Sul fronte occupazionale, lo sviluppo di Industria 4.0 potrebbe avere effetti nell’immediato sui livelli occupazionali, per via di una progressiva sostituzione dell’uomo da parte delle macchine nello svolgimento di alcune mansioni. In quest’ottica, è necessario fare due considerazioni preliminari per ridimensionare i timori diffusi. In primo luogo, con le precedenti rivoluzioni industriali sono diventati obsoleti molte professioni e mestieri, ma sono anche nate molte figure professionali e tecniche nuove, capaci di rispondere all’evoluzione della domanda delle imprese. In secondo luogo va evidenziato che cercare di frenare i cambiamenti e rallentare il processo di trasformazione dell’industria italiana in chiave 4.0, rischierebbe di porre il Paese nelle retrovie delle potenze manifatturiere, con effetti ben più gravi sull’occupazione. 

  • Nuove Catene del valore e crescita dimensionale delle imprese

Punto di forza del modello tedesco di Industria 4.0 è la possibilità di sfruttare le filiere integrate e la presenza di imprese di medie e grandi dimensioni che operano come “promotori” o “campioni” della trasformazione. 

È, quindi, essenziale che anche in Italia si portino avanti iniziative finalizzate a favorire la crescita dimensionale delle imprese, in modo tale che possano effettivamente realizzare nuovi investimenti sul modello 4.0, anche ricorrendo a finanziamenti diversi dal canale bancario tradizionale (mercato dei capitali etc.), e portare avanti un processo di trasformazione di lungo periodo.
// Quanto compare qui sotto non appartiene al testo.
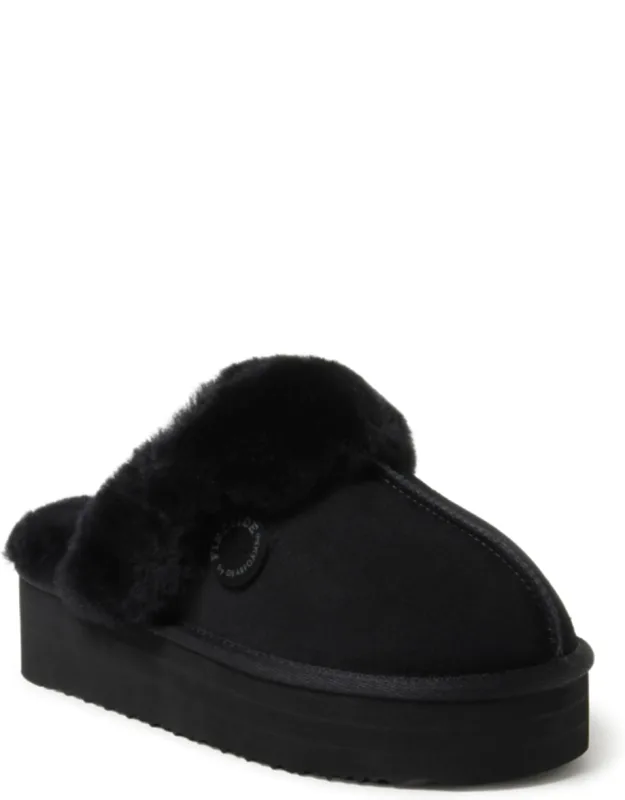 Fireside Melton Genuine Shearling Platform Scuff Slippers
In questo contesto, oltre ai tradizionali strumenti per la capitalizzazione, un ruolo chiave lo rivestono le forme di aggregazione tra imprese e in particolare le reti di impresa, cui Confindustria già da tempo dedica forte attenzione. L’aggregazione in rete è, infatti, in grado di sostenere il processo di digitalizzazione delle imprese manifatturiere grazie ad alcuni vantaggi specifici, quali:

  • la capacità di “fare massa critica” per modernizzare la propria dotazione tecnologica e migliorare le competenze del personale coinvolto;
  • la possibilità di condividere standard, linee guida, strumenti e un linguaggio comune;
  • la condivisione delle risorse umane necessarie per adeguarsi ai nuovi standard;
  • l’opportunità di sviluppare soluzioni innovative nel campo dell’informatizzazione dei prodotti e dei processi specifici per la realizzazione del programma comune di rete;
  • la possibilità di sviluppare manualistica comune e formazione comune per il personale delle aziende della rete.
  • Infrastrutture di rete

Industria 4.0 necessita di infrastrutture di rete affidabili e veloci che possano sostenere sul territorio la diffusione delle tecnologie digitali. È, quindi, strategico indirizzare gli investimenti del Piano di Diffusione della Banda Ultra-Larga, soprattutto verso le aree e i distretti industriali, molti dei quali sono oggi classificati come aree a (totale o parziale) fallimento di mercato. Pertanto, occorre colmare questo ritardo per evitare che la carenza di infrastrutture di comunicazione a BUL sia un ostacolo decisivo alla crescita della manifattura italiana.

  • Industria 4.0 e l’UE: standard, interoperabilità e sicurezza

Il tema degli standard, in particolare, riveste assoluta importanza per lo sviluppo di Industria 4.0. Esso, infatti, è lo strumento in grado di garantire l’interazione effettiva M2M, Bene-prodotto, impresa-impresa, assicurando all’informazione (che costituisce il fattore produttivo chiave di Industria 4.0) di essere raccolta, analizzata, gestita e trasmessa. 

Da questo punto di vista, è fondamentale collaborare alla definizione di protocolli e standard condivisi a livello europeo che assicurino la piena interoperabilità tra soggetti e processi, avvalendosi delle competenze di enti di normazione come ISO, CEN, UNI. Si tratta di un profilo cruciale sia per promuovere l’effettiva integrazione delle filiere produttive, sia per evitare eventuali posizioni di vantaggio competitivo all’interno del mercato interno di beni e servizi. 

Infine, occorrerà un impegno massivo sul fronte della sicurezza dei dati – personali e industriali – e delle reti (cyber security). Su questi temi, è importante avviare una riflessione finalizzata, da un lato, a garantire la tutela delle informazioni; dall’altro, assicurare la giusta flessibilità e la velocità dell’informazione che sostengono l’architettura di un processo produttivo di tipo Industria 4.0.